The alliance between the U.S. and Israel cannot be used as a reason to invalidate the summit. No other broker could have had as much influence on Israel.
In this final section of Agha and Malley's article the authors mention for the first time the December 2000 Clinton Parameters. The excuses they give for Arafat's refusal are flimsy: first, it was too close to the end of President Clinton's term - well, that was the reality, there was nothing either the President or Israel could do about it. Second, it would have substituted "fuzzy" principles for international resolutions - this supposedly refers to U.N. Resolutions 194 and 242. But those resolutions are also "fuzzy" and subject to different interpretations: as is well known, Resolution 242 does not require Israel to withdraw from all territories gained in 1967.
And here is the clincher:
Besides, and given the history of the negotiations, [the Palestinians] were unable to escape the conclusion that these were warmed-over Israeli positions and that a better proposal may still have been forthcoming.
The salami strikes again. It is hard to escape the conclusion that no matter what Israel might have proposed, the Palestinians would never have been satisfied. Indeed, the official Palestinian rejection of the Clinton Parameters,(10) outlined in the first article of this series, was unequivocal, comprehensive, and absolute, and not simply based on a sense of bad timing.
In conclusion, Agha and Malley provide nothing convincing to suggest that Arafat's handling of the negotiations was in any way excusable. In fact, they present much evidence damaging to the Palestinian case. Both sides believed they had reasons for mistrust. The Israelis had as much reason for mistrust if not more than the Palestinians. Nevertheless, that did not stop Israel from making what Malley himself calls a "far-reaching offer,"(11) nor does it negate the fact that the Palestinians under the leadership of Yasser Arafat refused to respond to a serious offer of peace and chose violence instead.

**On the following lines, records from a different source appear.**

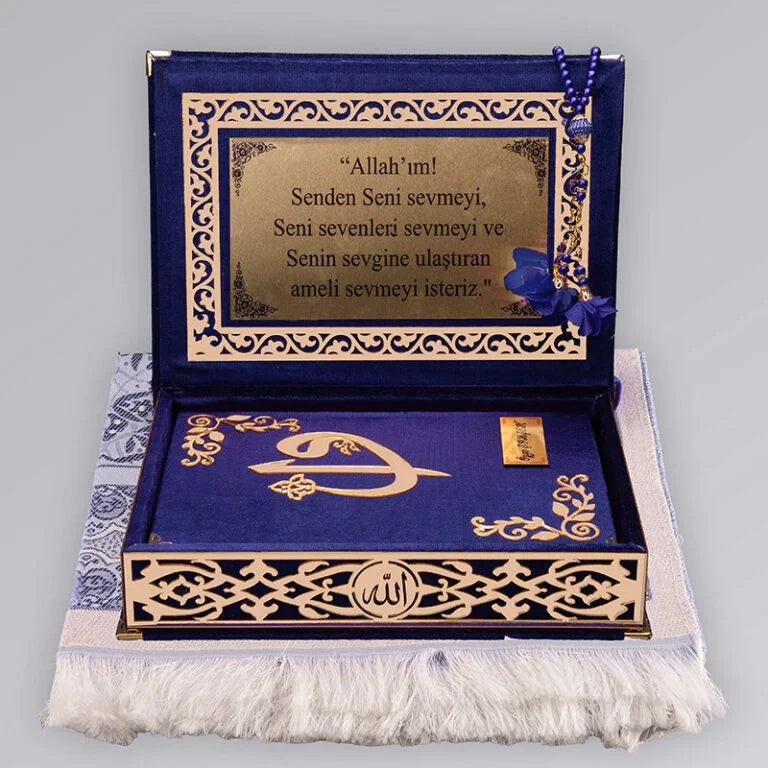 Kadife Kutulu Kur’an-ı Kerim (Lacivert, Seccadeli, Gold Süsleme)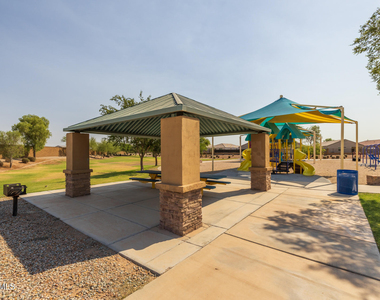 38125 W Excussare Way - Photo Thumbnail 28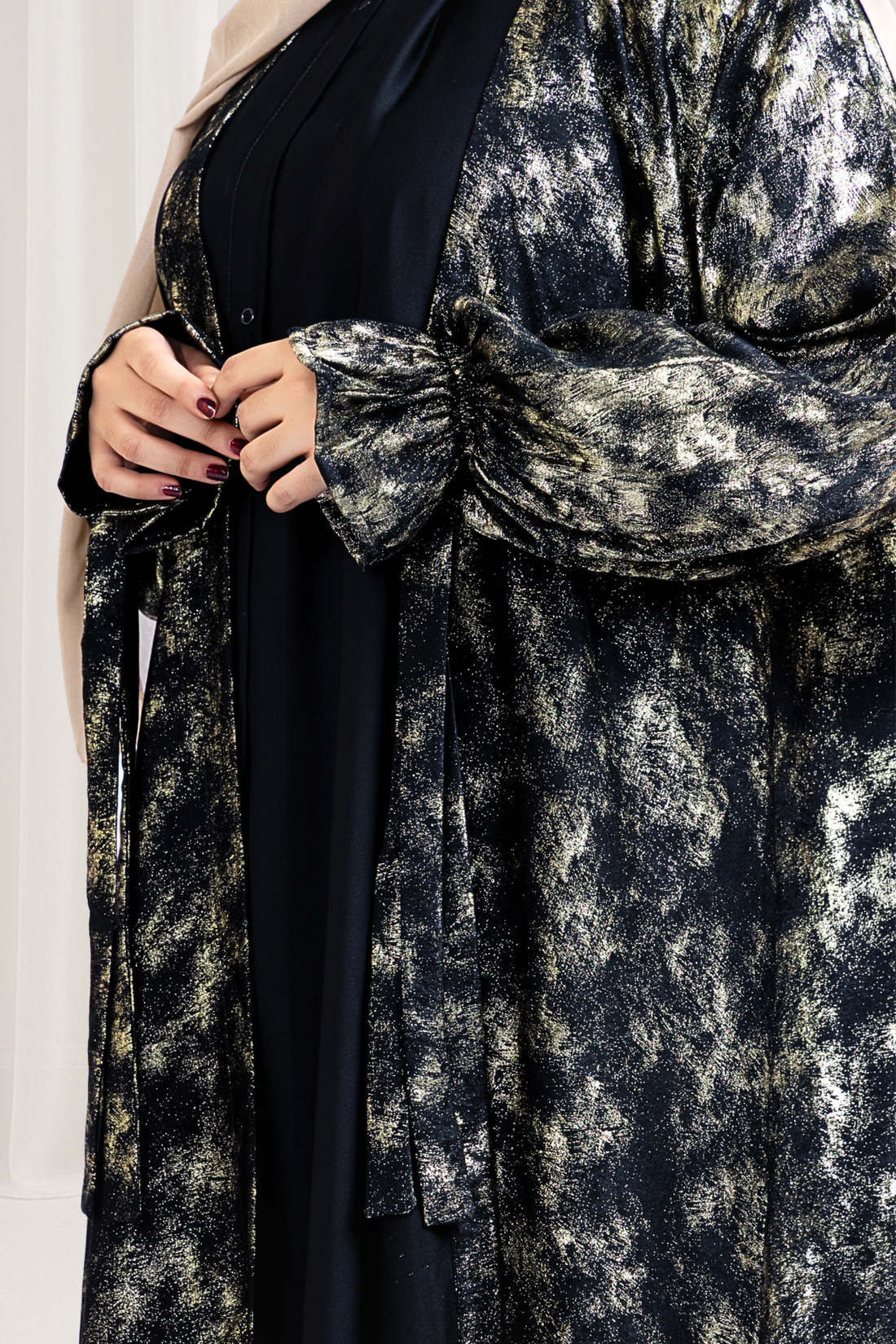 Metallic Gold Black Kaftan Abaya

1. Hussein Agha and Robert Malley, "Camp David: The Tragedy of Errors," New York Review of Books, August 9, 2001.
2. Dennis Ross, Margaret Warner, and Jim Hoagland, "From Oslo to Camp David to Taba: Setting the Record Straight," Washington Institute for Near East Policy, August 8, 2001.
3. "PA Has Failed to Fulfill Its Commitments Under Hebron Accord," Israeli Ministry of Foreign Affairs, July 20, 1997.

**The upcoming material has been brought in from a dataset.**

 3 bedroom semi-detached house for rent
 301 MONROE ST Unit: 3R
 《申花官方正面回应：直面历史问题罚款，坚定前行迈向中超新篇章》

4. "Major Palestinian Violations of Agreements," Israeli Ministry of Foreign Affairs, October 11, 2000.
5. See "Is 'Occupation' an Excuse for Terrorism?" elsewhere on this web site.
6. Ross et al., "From Oslo to Camp David to Taba."

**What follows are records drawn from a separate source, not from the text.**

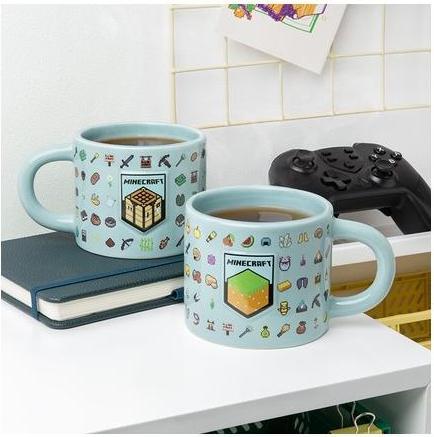 Actual product image Paladone Products Minecraft Embossed Mug (400 ml, 1 x)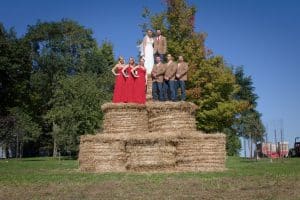 Round-Bale-Photography-Farm-Country-WI-Wedding-BridalParty-SunflowerHill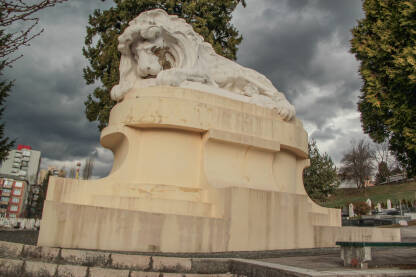 Skulptura umiruću lav, na groblju Lav, Sarajevo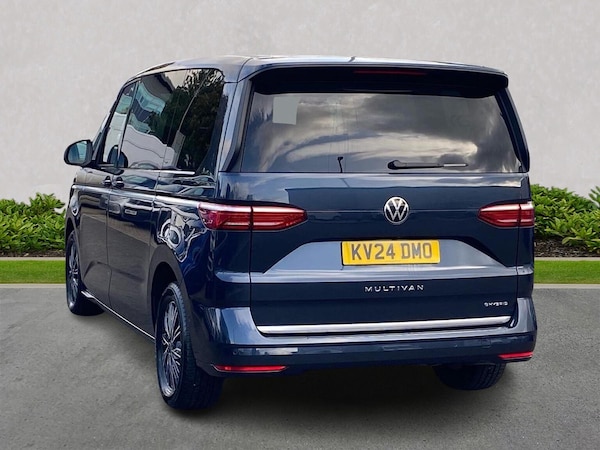 Used Volkswagen Multivan 2024 for sale - 76225065: Photo 3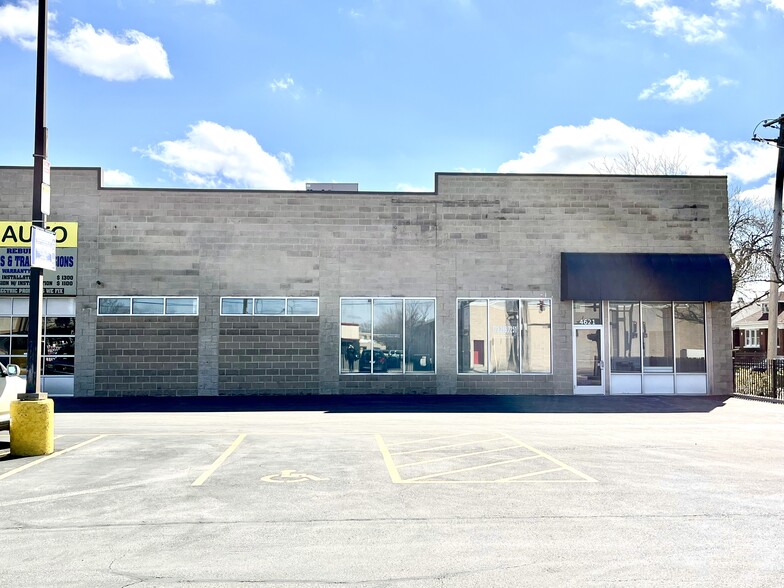 4609-4621 W Belmont Ave, Chicago, IL for lease - Building Photo - Image 3 of 8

7. Robert Malley, "Fictions About the Failure at Camp David," New York Times, July 8, 2001.
8. Dennis Ross, The Missing Peace (New York: Farrar, Straus and Giroux), 625.
9. Dennis Ross, "Think Again: Yasir Arafat," Foreign Policy, July/August 2001.
10. Palestinian Negotiating Team, "Official Palestinian Response to the Clinton Parameters," PLO Negotiations Affairs Department.
11. Robert Malley, "Fictions About the Failure at Camp David," New York Times, July 8, 2001.